Despite the widespread recognition of her work — and by extension culture — the traditions and culture are slowly fading to make way for a 'modernised' world.
Of SA's estimated 59 million strong population, only just over a million belong to the nation of the proud Ndebele people, according to to the latest available population census by Stats SA.
Activist, author and entrepreneur Thando Mahlangu hopes to revive his culture, share his passion and inspire others to aid him in elevating the societal value of culture.
His love, pride and devotion are apparent at his residence in his hometown of KwaMhlanga in Mpumalanga. Ndebele colours and patterns adorn the outside and inside of his home.
On the edge of the bed, under the traditional painted wall — in the colours of his people — Mahlangu sits and speaks about his 2012 decision to fully embrace his culture.
“I saw that our culture was going down, I'm doing what I'm doing for the next generation,” Mahlangu says.
Mahlangu was catapulted into the public spotlight after he was turned away from a Click's store at Boulder's Shopping Centre in Midrand. The reason for refusing him entry — Mahlangu's traditional attire was deemed “inappropriate” by the centre manager.
While he felt grief and humiliation as a result of the incident, he admits that during the argument that ensued he felt nothing but rage.

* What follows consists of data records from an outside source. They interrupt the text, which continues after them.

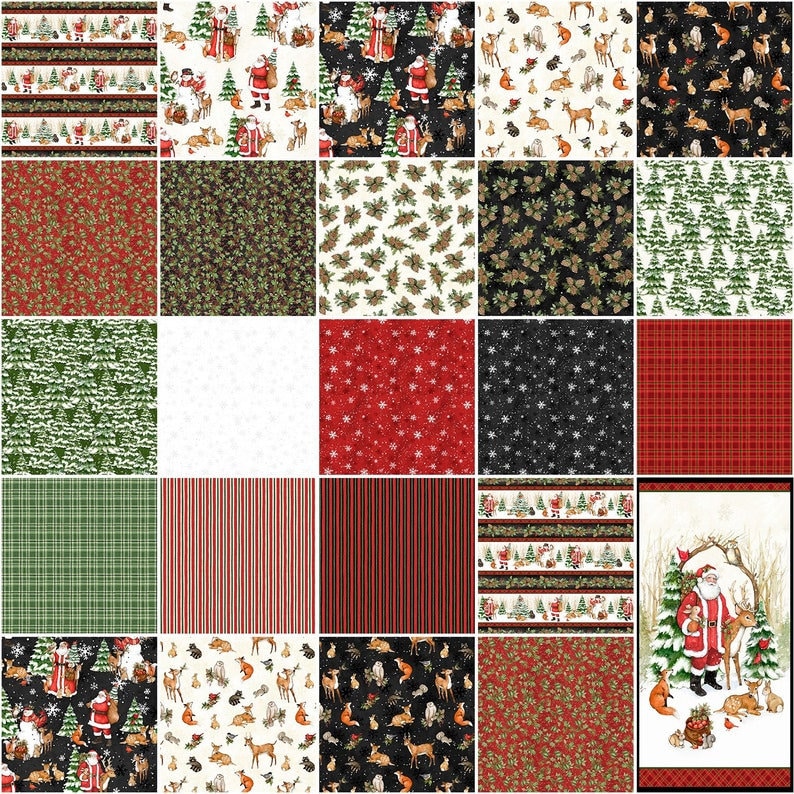 Pu&ograve; includere: Una collezione di 24 quadrati di tessuto natalizio con vari motivi, tra cui Babbo Natale, alberi di pino, fiocchi di neve e animali del bosco. I tessuti sono in tonalit&agrave; di rosso, verde, bianco e nero.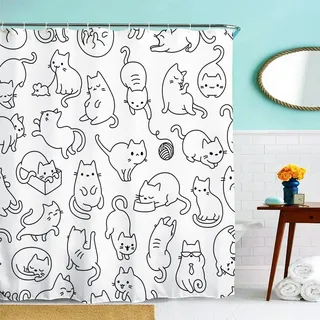 IcosaMro Duschvorhang für Badezimmer, mit Haken, Schwarz und Weiß, niedliches Kätzchen und Bunte Cartoons, lustige Dekoration, Langer Stoff, 180 x 183 cm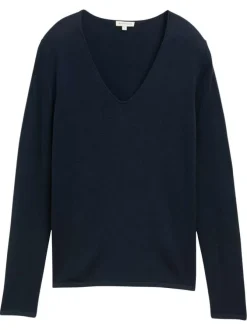 Pull bleu marine uni avec une coupe ajustée et un col v arrondi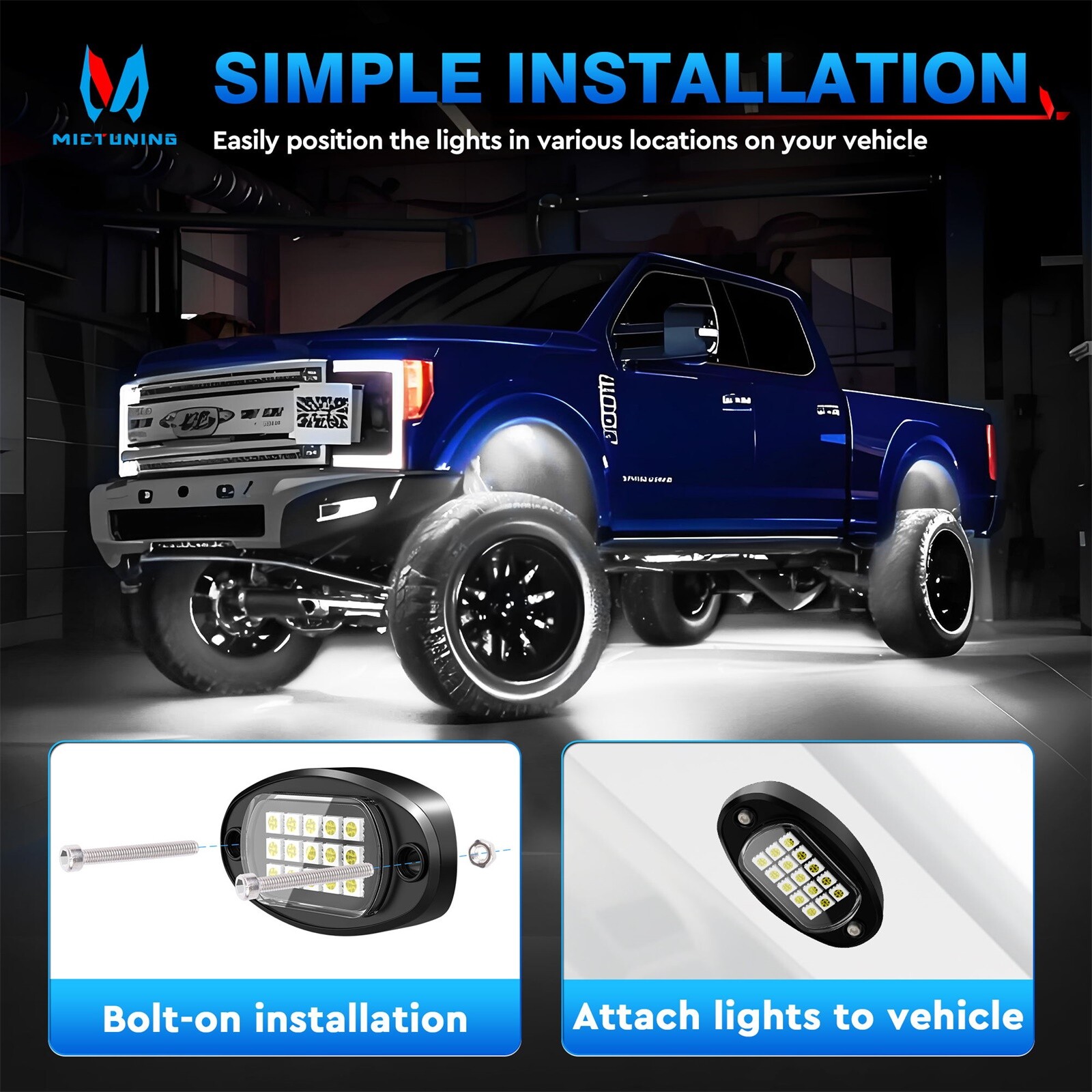 12 Pods Pure White LED Rock Lights, Waterproof Underglow Under Car Truck Lights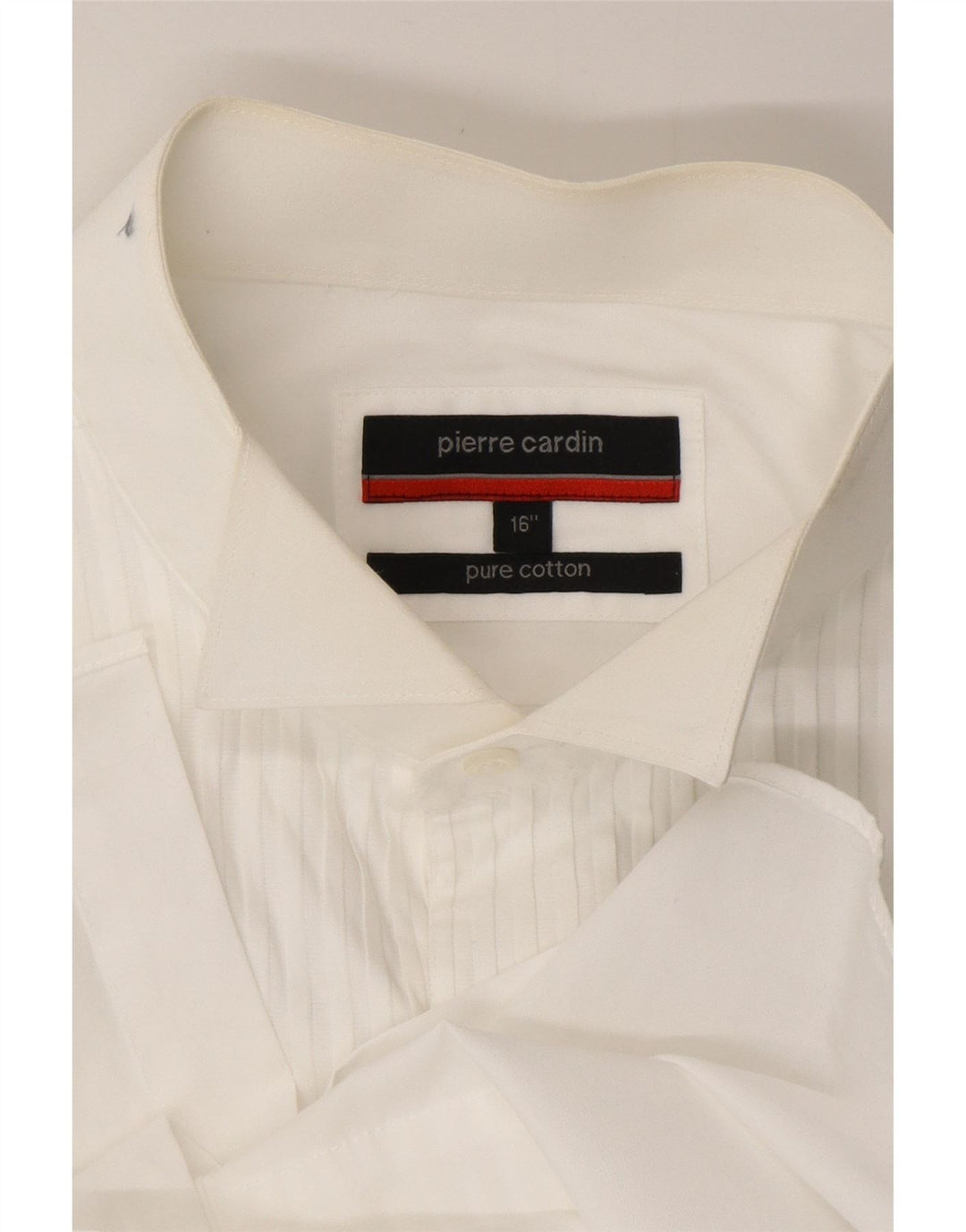 PIERRE CARDIN Camicia formale da uomo taglia 16 grande cotone gessato bianco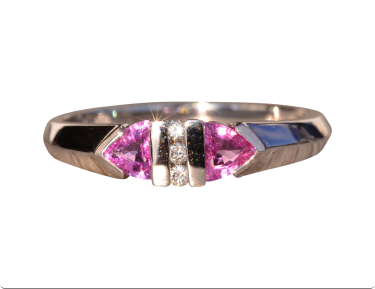 The 112th Avenue: Pink Sapphire and Diamond Ring in White Gold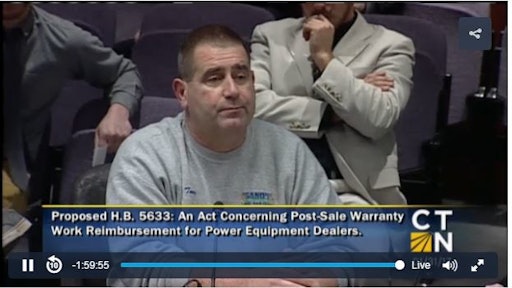 Tony Gargano of Gano's Power Equipment testifies before the January 31, 2017 Connecticut General Assembly.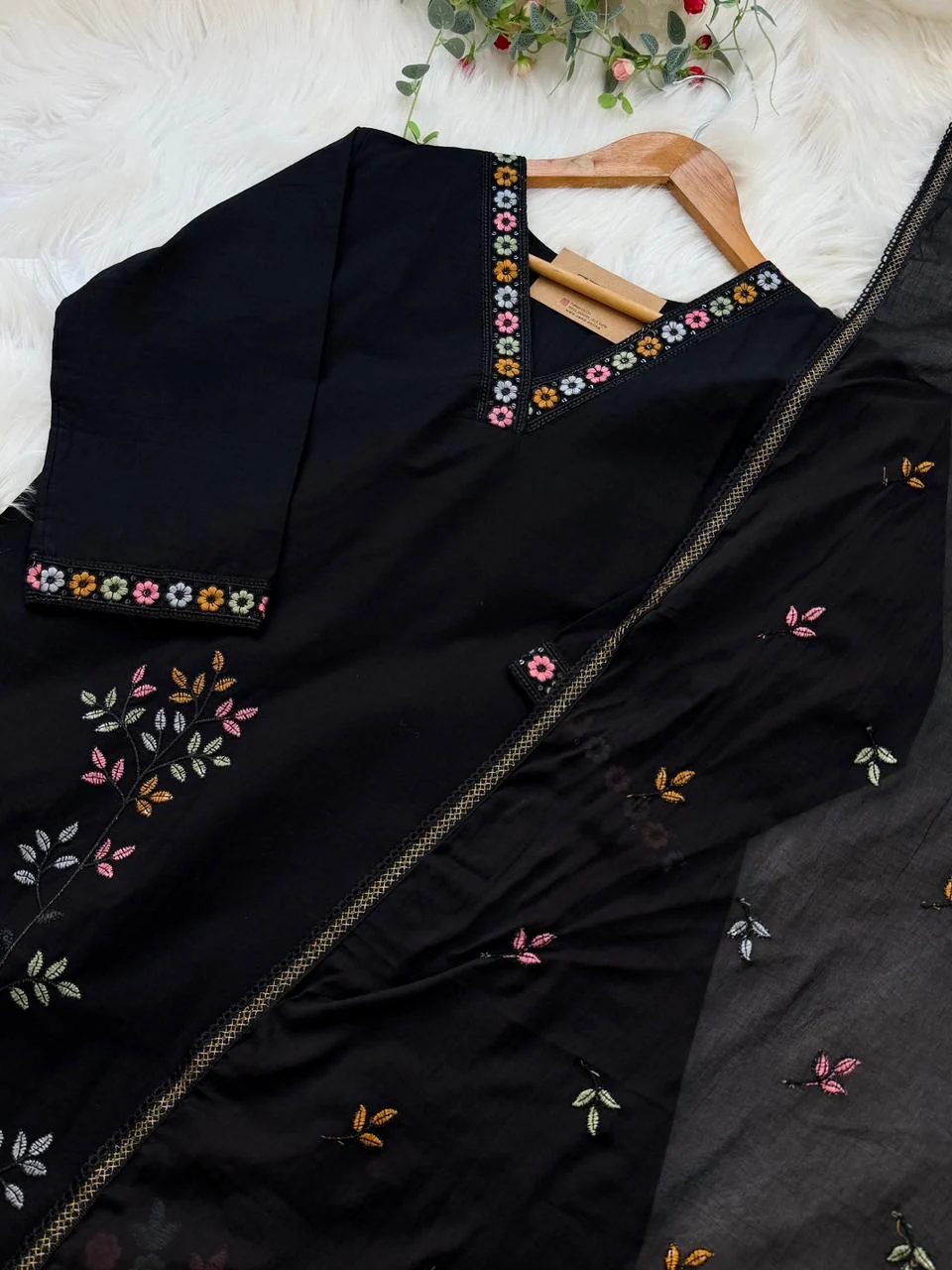 ✨ Cotton Embroidered V-Neck Kurti Set ✨ - Image 4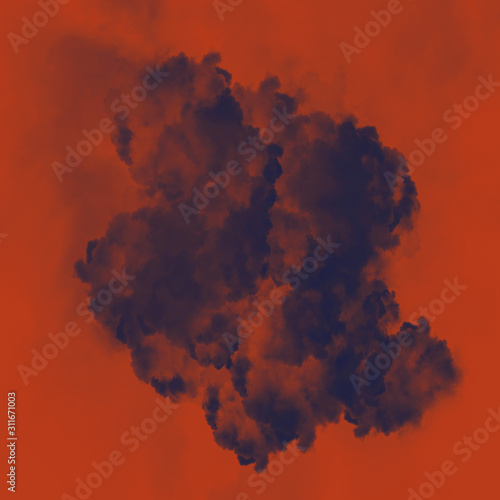 Explosion smoke on isolated background.Trendy duotone effect. Abstract color toning gradient texture for design,banner,cover and flyer. Stock illustration.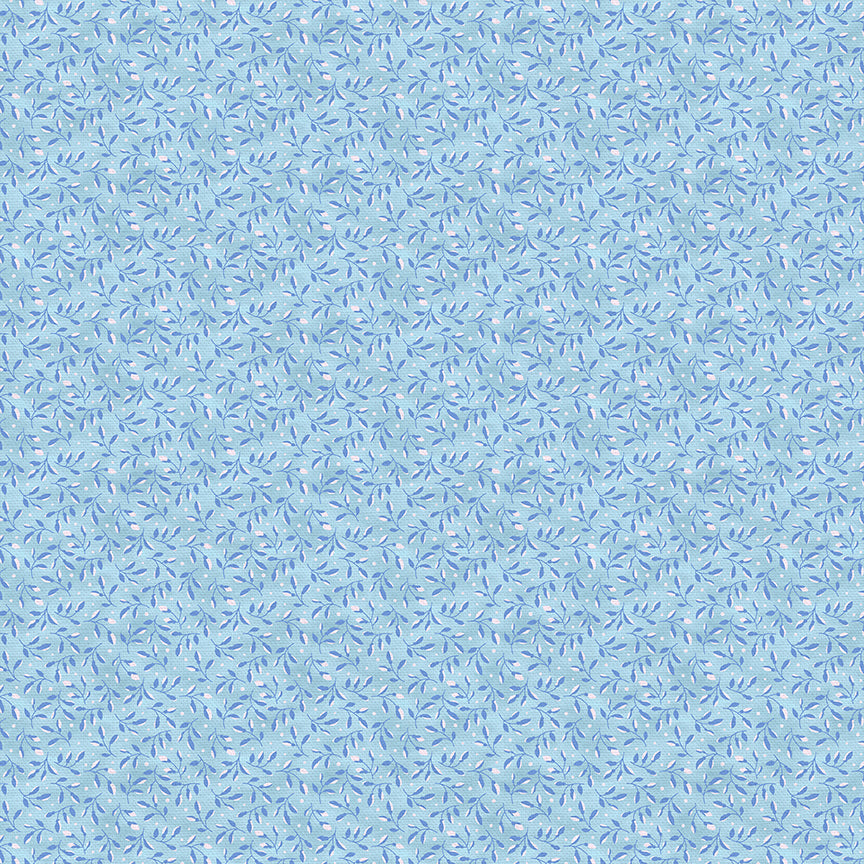Leaf Toss - Dark Blue on Light Blue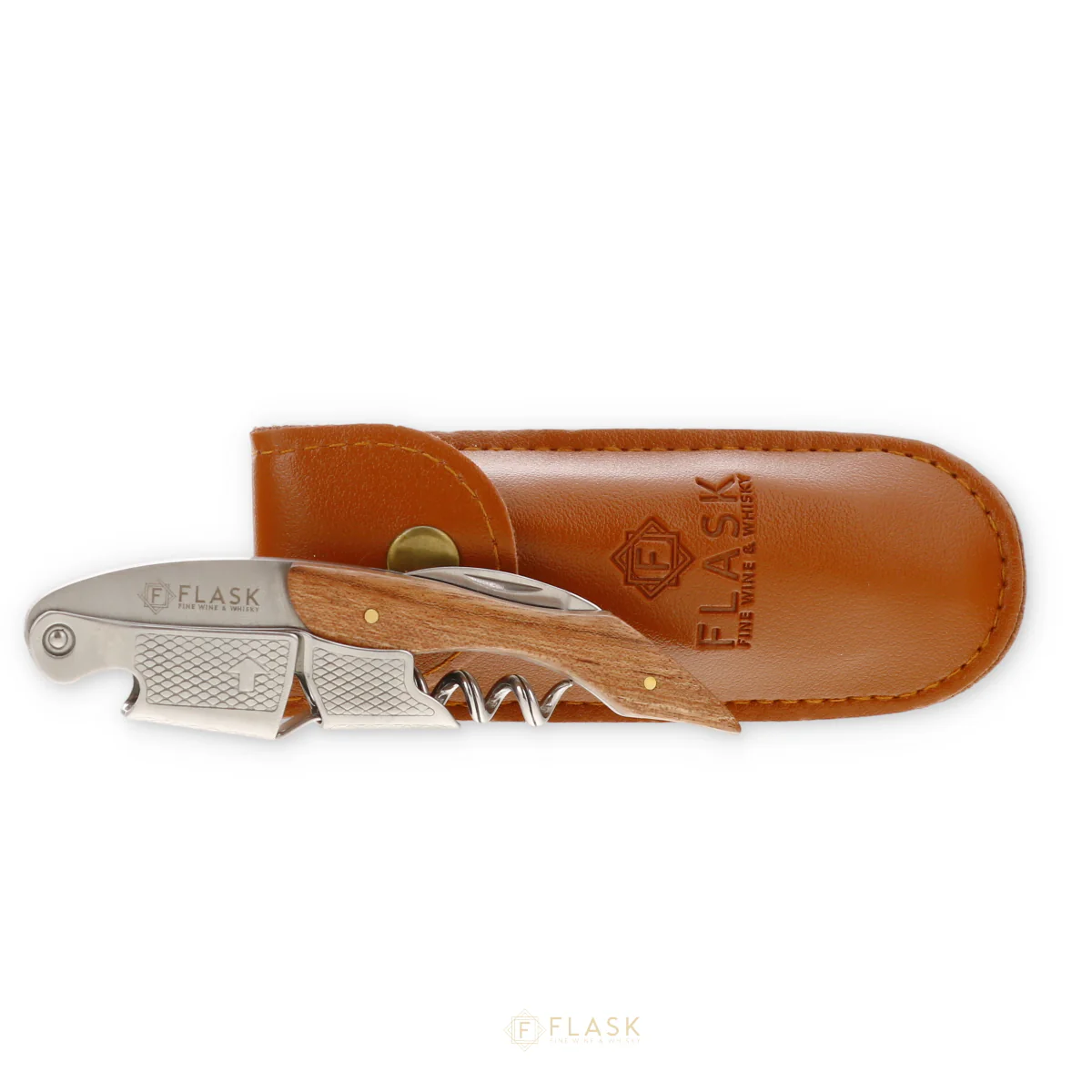 Flask Corkscrew with Leather Case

“You know the fact that the Boulders incident happened 27 years into our democracy made me extremely angry, because I was humiliated by a black brother. The guy was supposed to protect me, but he didn't,” he says.
Mahlangu firmly believes that if people gave true value to their histories and respected their traditions and cultures, SA wouldn't suffer from as many of the socio-economic issues the country faces.
“If only people were respecting their languages and culture, we wouldn't be facing all this criminal activity and the abuse that women and children are facing currently in SA, we wouldn't be facing these challenges,” says Mahlangu.
Mahlangu hopes that through his unjust treatment he may be able to spread the value of culture. He submitted a list of demands to the centre's management and a date of April 8 was agreed upon for the two parties to meet.
His demands included a public apology and a donation to a cultural organisation of Mahlangu’s choice. At the meeting, the centre rejected his list of demands.
“I’m not happy with what we’ve discussed. I’m not happy with the offer they’ve made and I’m not happy with how they are handling things,” he said, addressing a small crowd gathered in the mall's parking lot.
Left in tears by the unsuccessful meeting, Mahlangu vowed to continue his battle against the centre.
With his girlfriend Nqobile Masuku, Mahlangu also consistently petitions for an increase in isiNdebele broadcast options on both television and radio.
As the activist continues his fight against the centre management, the CRL Rights Commission is also set to continue its hearing of the matter on Monday.